The United States has ruled that Saudi Arabia’s de facto leader, Crown Prince Mohammed bin Salman, is immune from a lawsuit brought by the fiancée of murdered journalist Jamal Khashoggi. Khashoggi, a prominent Saudi critic, was assassinated in the Saudi consulate in Istanbul in October 2018. US intelligence agencies believe that Prince Mohammed ordered the murder. But in court filings, the US State Department said he has immunity because of his new role as Saudi prime minister. Khashoggi’s ex-fiancé Hatice Cengiz wrote on her Twitter, along with the verdict, “Jamal died again today.” She, along with Khashoggi-founded human rights group Democracy for the Arab World Now (Dawn), was seeking unspecified damages from the US crown prince for killing her fiancée. The ad accused Saudi leaders and their officials of “kidnapping, detaining, drugging, torturing and killing US-based journalist and pro-democracy advocate Jamal Khashoggi.”.

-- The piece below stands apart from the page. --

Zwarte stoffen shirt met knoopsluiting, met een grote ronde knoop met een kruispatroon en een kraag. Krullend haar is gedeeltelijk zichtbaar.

Amnesty International Secretary General Agnes Callamard said “Today is immunity. All these add up to impunity.” Prince Mohammed was appointed crown prince in 2017 by his father Salman his bin Abdul Aziz his Earl his King of Saud. In September of this year, he became prime minister at the age of 37. He denies any involvement in Khashoggi’s murder. Lawyers for the Justice Department said the crown prince, as an “acting head of a foreign government,” “has exempted the head of state from the jurisdiction of U.S. courts by his duties.” “The principle of the head of state immunity is well protected in customary international law,” a Justice Department lawyer said. But the Biden administration wanted to emphasize that the ruling was not a declaration of innocence.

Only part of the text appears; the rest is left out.